One of the trickiest things about bias is that most of the time we don’t even notice ourselves being biased. Very few people identify as being racist or sexist. We are most of us proud to say that we accept people no matter their gender, sexuality, ethnicity and so on, and diversity statements at the bottom of many job adverts proclaim the same.

The inconvenient truth is that it doesn’t matter how many times we say this, it still rarely corresponds with reality. We all have unconscious bias, and by its very nature it is hard to detect and eliminate. The kind of prejudice that most of us have internalised isn’t thinking that certain ethnic groups are less intelligent, it’s much much more subtle than that. It’s defaulting to male pronouns when describing an imaginary person. Most of the time you don’t even notice you’re doing it, and most of the time the impact is pretty minor, but when it comes to hiring it can change the face of entire industries.

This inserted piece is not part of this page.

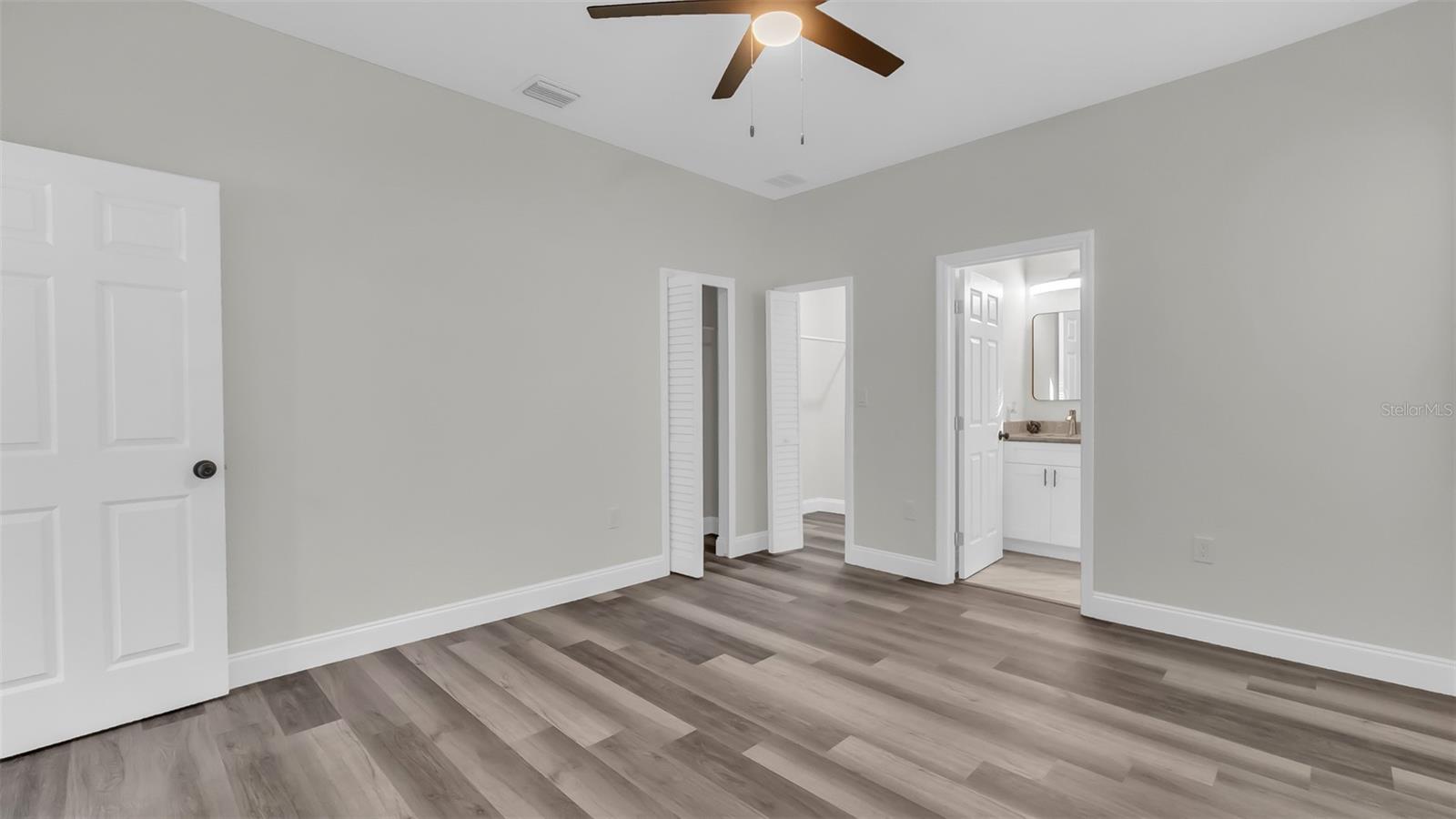 Image 22 of 32 For 1901 31st Street S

Bias is virtually impossible to eliminate, but it can be minimised. The starting point is to recognise it’s there and that even if it’s unconscious we have a duty to address it.

Ensure there’s diversity in your hiring team

Each person brings their own biases to the table, so hiring decisions should be made by as diverse a group as possible to help minimise this. This might be diversity of gender, age, or background.

Before you begin the assessment process, assemble your hiring team. Everyone should have visibility over the process, even if they’re not involved in every stage or every decision.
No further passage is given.